Noah and his family spend a solar year on the Ark (or thereabout). That is a lot of waiting in a sunless wooden hull (and the size of the ark only deepens that darkness).
After the waters subside, and the Ark comes to rest on Mt. Ararat, the world still spends a lot of time draining and drying. This means additional waiting, more than just waiting for the flood to end, for Noah and those with him on the Ark.
Even once the Dove comes back with the olive branch (Gen. 8.12) Noah waits another sabbath week and sends it out again. More waiting.
And then, after removing the door from the Ark (Gen. 8.13a), on or close to the first day of the first month of a new year, and after seeing that the “face of the ground was dry” (Gen 8.13b), Noah still waits —waits almost two more months!

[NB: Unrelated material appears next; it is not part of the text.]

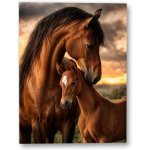Plakát – Dospělý kůň s hříbětem 60 × 80 cm Bez rámu Ano Bez rámu – Hledejceny.cz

More waiting.
What is Noah waiting for?
He is waiting for the voice of God. He is waiting for the divine invitation, the glad welcome of God, into the new creation (Gen. 8.15-17). Only then does Noah sally-forth (Gen. 8.18-19).
But Noah’s waiting is not sheer waiting. It is not an empty waiting. It is a hopeful waiting. It is a waiting marked by rest.
Noah’s name means “rest”. The Ark doesn’t merely “wait” in Mt. Ararat, it “rests” (the Hebrew here is like the verb form of Noah’s name). The Dove sent-out by Noah is looking not for some abstract landing place but a “resting-place” (8.9, yes, again related to the family of words from which we get Noah’s name). When Noah offers a sacrifice to Yahweh in the following section (Gen 8.20-9.17), it ascends to Yahweh as a “pleasing aroma”, and again this is a pun on Noah’s name: it is a Noah-smell, it is a restful-smell, it is flavor that makes one at peace (8.20).
Wait on the Lord like Noah, let us find our rest in him. Let him be our God of Sabbath.